Task objective:
Lines from the line with "Hello everyone and" to the line with "We have different" in the entries below, and only those, must be output exactly, with both ends included.

The records:

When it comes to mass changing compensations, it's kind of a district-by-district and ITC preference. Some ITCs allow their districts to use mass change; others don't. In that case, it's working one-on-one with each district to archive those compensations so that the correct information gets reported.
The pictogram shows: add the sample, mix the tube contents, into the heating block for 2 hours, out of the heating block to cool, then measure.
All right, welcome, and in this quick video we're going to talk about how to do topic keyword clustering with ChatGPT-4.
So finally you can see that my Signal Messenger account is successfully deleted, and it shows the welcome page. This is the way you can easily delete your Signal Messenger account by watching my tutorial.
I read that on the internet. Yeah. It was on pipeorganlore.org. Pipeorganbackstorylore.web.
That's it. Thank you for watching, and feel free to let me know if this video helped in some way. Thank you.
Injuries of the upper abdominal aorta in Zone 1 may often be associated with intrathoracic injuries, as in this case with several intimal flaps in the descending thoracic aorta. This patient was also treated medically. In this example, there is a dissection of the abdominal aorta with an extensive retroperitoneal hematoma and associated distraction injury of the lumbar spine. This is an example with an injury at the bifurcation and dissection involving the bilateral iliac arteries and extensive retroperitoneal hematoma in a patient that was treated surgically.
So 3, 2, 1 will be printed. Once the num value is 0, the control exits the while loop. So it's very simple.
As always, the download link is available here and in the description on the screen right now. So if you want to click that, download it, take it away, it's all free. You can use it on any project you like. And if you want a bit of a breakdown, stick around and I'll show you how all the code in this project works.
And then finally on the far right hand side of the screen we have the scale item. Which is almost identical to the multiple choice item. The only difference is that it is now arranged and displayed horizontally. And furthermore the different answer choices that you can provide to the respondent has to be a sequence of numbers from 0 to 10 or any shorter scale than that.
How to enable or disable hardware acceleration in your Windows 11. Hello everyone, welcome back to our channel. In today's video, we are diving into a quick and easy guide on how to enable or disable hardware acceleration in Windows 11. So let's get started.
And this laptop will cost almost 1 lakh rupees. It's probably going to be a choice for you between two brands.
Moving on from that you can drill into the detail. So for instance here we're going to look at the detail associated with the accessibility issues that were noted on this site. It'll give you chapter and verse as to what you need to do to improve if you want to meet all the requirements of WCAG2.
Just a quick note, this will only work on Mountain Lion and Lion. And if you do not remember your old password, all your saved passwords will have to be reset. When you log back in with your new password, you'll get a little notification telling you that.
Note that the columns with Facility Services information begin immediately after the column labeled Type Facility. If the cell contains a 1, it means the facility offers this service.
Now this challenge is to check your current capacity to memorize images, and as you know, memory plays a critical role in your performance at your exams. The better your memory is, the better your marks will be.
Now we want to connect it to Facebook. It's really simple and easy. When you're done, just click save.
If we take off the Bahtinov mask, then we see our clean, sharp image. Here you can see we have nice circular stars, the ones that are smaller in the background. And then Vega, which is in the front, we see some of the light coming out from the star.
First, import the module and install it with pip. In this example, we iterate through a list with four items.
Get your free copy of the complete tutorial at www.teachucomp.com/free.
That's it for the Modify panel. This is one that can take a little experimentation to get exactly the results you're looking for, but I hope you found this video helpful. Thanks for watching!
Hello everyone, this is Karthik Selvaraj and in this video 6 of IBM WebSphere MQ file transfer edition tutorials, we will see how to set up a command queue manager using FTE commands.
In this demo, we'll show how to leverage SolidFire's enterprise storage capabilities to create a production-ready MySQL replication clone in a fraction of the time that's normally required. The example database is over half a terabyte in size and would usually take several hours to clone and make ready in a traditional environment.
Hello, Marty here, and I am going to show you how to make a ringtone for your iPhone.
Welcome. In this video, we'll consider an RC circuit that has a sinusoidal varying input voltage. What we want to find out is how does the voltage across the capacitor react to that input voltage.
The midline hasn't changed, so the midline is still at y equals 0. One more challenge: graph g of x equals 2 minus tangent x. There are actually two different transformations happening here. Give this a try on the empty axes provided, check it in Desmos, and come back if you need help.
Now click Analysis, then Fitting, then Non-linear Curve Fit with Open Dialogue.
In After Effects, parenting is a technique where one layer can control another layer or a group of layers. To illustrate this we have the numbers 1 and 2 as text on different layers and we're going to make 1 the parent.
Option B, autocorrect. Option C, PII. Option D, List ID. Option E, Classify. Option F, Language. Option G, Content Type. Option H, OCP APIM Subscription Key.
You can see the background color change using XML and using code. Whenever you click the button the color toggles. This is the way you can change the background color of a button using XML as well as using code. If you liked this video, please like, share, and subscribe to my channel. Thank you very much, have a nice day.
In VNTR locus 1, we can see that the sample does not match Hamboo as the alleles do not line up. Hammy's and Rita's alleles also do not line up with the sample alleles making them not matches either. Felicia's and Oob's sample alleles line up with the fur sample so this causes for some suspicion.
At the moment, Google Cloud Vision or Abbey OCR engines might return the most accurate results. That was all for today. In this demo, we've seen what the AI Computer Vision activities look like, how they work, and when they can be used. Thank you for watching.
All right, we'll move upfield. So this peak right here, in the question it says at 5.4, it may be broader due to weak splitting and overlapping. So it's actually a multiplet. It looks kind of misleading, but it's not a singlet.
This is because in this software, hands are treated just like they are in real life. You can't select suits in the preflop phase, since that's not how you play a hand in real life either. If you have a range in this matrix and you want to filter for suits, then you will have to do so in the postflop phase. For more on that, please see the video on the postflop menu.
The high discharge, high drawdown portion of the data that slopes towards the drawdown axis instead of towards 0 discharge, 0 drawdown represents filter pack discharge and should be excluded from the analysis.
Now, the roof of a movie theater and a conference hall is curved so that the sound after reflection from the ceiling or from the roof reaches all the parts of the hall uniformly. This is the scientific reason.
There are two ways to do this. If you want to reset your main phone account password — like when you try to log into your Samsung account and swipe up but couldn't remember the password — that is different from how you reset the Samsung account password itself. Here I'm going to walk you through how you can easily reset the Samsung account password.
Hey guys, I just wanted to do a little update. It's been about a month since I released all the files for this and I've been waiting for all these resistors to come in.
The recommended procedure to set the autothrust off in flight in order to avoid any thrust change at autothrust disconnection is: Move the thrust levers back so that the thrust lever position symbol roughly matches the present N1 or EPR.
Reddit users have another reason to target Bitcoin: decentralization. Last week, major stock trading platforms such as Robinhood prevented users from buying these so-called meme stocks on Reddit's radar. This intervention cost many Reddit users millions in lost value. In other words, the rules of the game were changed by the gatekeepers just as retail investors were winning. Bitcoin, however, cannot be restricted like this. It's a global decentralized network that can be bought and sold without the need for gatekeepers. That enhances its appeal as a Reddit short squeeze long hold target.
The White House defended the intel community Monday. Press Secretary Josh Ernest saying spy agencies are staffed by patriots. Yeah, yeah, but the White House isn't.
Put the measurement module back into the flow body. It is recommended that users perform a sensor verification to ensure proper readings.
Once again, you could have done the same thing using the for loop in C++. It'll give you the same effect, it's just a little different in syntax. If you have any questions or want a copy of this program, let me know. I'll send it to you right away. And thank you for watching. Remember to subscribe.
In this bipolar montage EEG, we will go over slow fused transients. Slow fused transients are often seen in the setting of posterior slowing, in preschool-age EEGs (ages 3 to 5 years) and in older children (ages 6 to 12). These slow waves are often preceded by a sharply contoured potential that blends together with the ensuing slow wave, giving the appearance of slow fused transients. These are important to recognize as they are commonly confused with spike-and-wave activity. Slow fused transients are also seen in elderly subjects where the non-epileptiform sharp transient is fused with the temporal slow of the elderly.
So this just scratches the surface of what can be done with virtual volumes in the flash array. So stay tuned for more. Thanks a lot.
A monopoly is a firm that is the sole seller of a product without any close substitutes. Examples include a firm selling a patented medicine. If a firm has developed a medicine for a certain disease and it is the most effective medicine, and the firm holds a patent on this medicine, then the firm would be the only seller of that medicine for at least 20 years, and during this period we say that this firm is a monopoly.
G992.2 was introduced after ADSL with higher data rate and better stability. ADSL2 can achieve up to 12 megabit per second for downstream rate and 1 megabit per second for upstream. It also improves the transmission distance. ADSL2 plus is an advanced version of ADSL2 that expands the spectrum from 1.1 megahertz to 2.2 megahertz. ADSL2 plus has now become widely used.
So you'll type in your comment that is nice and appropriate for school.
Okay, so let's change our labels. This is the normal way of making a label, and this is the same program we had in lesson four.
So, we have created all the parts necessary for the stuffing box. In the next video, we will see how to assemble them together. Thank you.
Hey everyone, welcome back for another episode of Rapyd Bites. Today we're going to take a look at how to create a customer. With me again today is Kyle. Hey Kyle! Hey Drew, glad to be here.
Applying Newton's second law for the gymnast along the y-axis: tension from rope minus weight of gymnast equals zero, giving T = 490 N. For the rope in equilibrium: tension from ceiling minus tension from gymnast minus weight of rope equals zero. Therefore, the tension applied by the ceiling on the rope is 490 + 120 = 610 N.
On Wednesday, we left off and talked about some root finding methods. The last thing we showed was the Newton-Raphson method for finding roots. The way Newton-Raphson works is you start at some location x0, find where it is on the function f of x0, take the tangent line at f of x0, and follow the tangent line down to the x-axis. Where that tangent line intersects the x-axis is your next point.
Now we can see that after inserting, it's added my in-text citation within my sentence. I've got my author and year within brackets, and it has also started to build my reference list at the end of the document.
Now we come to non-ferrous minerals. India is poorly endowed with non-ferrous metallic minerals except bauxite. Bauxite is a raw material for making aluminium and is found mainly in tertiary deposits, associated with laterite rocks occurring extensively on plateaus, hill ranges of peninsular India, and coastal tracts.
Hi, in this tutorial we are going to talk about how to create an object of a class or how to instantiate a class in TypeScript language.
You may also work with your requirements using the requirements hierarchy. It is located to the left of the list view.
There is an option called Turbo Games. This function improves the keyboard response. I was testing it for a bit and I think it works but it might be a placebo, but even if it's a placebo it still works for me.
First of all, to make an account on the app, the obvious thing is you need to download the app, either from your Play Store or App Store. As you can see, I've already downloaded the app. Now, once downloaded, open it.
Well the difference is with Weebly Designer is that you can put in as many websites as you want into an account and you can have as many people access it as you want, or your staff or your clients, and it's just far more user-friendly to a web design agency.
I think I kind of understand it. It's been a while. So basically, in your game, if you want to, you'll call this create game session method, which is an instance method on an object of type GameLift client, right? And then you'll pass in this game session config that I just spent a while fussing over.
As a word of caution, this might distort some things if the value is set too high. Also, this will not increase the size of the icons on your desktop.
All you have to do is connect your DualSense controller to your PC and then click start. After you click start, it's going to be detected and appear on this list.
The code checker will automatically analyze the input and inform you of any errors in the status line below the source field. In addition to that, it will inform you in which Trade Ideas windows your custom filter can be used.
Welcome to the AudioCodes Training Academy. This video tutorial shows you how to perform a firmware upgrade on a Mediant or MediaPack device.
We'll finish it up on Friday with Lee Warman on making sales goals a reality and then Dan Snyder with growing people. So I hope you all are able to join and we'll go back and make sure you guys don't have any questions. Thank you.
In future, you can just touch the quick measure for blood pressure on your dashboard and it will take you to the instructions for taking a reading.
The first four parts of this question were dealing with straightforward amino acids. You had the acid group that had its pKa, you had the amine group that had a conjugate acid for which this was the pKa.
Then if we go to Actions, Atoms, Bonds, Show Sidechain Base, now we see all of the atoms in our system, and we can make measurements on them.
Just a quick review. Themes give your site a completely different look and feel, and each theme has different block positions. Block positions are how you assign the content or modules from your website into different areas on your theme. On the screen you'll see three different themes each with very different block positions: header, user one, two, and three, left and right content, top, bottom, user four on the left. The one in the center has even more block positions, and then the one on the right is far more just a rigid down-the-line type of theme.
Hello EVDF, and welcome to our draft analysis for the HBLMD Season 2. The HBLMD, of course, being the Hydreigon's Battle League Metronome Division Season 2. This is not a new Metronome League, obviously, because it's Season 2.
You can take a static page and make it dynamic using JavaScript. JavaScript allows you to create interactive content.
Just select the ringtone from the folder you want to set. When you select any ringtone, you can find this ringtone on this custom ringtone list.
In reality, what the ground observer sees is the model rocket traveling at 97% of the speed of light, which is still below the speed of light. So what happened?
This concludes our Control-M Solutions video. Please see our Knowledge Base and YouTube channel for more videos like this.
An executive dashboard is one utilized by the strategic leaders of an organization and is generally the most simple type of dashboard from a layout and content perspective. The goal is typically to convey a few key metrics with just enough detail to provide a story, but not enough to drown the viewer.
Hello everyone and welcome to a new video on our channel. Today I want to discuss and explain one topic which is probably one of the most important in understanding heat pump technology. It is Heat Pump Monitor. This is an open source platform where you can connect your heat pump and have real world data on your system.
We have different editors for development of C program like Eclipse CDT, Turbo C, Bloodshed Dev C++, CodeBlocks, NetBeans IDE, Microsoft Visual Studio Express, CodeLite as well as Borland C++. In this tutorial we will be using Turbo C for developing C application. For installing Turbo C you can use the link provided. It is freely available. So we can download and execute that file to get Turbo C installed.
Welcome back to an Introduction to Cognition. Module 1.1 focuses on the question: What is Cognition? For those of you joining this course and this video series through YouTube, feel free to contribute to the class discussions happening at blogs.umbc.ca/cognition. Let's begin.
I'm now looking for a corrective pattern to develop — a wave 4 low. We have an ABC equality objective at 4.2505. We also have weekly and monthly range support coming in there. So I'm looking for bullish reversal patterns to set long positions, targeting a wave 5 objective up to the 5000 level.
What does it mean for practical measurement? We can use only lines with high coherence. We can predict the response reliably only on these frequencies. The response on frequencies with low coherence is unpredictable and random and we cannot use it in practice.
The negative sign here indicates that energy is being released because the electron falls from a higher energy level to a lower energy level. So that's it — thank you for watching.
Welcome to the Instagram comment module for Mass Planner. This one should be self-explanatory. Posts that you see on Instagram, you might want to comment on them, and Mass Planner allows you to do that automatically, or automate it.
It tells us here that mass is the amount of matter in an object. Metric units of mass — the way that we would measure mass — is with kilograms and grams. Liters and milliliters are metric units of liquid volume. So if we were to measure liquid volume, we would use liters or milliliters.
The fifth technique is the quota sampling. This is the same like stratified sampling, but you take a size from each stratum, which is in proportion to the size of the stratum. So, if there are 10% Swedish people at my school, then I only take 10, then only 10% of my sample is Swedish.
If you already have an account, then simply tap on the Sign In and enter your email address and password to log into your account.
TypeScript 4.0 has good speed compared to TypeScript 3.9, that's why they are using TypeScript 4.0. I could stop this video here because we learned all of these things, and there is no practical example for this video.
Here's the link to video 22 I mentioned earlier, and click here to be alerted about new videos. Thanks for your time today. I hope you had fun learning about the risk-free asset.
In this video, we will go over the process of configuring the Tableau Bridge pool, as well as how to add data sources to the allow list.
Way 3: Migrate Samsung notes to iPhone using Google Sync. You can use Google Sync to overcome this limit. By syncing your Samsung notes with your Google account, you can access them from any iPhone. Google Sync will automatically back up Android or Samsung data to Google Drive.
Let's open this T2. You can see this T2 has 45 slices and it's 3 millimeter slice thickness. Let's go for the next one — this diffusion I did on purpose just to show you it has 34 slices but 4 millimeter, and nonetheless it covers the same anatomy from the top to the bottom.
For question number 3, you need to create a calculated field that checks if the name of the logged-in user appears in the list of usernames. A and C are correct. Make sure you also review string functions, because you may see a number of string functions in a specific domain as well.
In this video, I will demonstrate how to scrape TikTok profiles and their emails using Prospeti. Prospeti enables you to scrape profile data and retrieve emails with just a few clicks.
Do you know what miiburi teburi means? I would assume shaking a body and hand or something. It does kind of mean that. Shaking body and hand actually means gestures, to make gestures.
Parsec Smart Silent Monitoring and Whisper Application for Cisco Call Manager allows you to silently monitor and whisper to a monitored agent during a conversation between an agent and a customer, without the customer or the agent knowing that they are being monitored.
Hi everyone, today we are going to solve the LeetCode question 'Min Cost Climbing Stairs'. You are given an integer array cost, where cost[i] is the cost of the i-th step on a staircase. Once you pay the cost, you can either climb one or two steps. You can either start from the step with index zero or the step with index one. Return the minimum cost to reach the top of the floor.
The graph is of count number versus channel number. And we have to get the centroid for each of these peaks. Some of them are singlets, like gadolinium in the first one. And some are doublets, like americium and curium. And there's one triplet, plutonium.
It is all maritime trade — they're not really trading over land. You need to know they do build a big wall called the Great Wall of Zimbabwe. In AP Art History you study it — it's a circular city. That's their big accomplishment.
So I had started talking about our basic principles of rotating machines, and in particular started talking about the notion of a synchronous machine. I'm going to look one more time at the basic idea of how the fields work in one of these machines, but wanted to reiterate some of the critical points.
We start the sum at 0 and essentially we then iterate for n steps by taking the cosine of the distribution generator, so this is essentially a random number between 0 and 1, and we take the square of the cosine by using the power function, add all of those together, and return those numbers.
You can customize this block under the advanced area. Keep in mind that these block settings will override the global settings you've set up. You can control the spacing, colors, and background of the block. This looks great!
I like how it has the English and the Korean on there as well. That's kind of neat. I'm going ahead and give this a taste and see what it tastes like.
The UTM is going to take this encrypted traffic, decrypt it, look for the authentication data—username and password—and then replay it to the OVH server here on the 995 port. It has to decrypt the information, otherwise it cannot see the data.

Exercise response:
Hello everyone and welcome to a new video on our channel. Today I want to discuss and explain one topic which is probably one of the most important in understanding heat pump technology. It is Heat Pump Monitor. This is an open source platform where you can connect your heat pump and have real world data on your system.
We have different editors for development of C program like Eclipse CDT, Turbo C, Bloodshed Dev C++, CodeBlocks, NetBeans IDE, Microsoft Visual Studio Express, CodeLite as well as Borland C++. In this tutorial we will be using Turbo C for developing C application. For installing Turbo C you can use the link provided. It is freely available. So we can download and execute that file to get Turbo C installed.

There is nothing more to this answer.